[DATASET CONTENT]
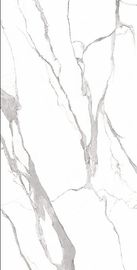 Le regard de marbre de conception de l'Italie a glacé le carrelage chaud de Porelain de salon des ventes 2400*1200mm de grande taille de carrelages de porcelaine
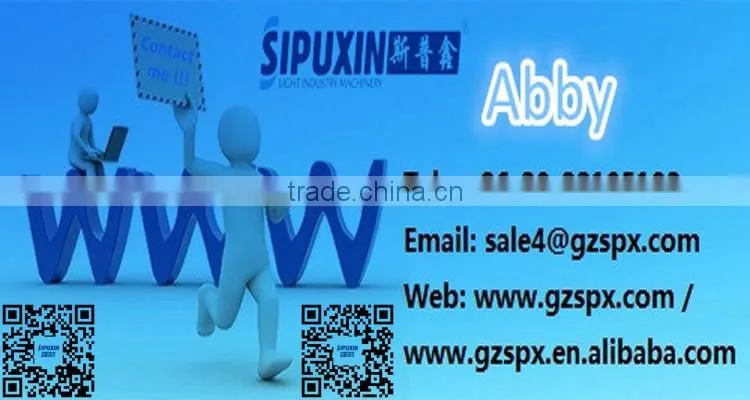 Sipuxin Hand bottle label dispenser of Manual round bottle labeling machine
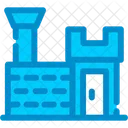 Jail Prison Penitentiary Icon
[/DATASET CONTENT]
*PROMPT*. Without any of the pictures, reproduce the listing above exactly.

*SOLUTION TO THIS TASK*.
 Le regard de marbre de conception de l'Italie a glacé le carrelage chaud de Porelain de salon des ventes 2400*1200mm de grande taille de carrelages de porcelaine
 Sipuxin Hand bottle label dispenser of Manual round bottle labeling machine
 Jail Prison Penitentiary Icon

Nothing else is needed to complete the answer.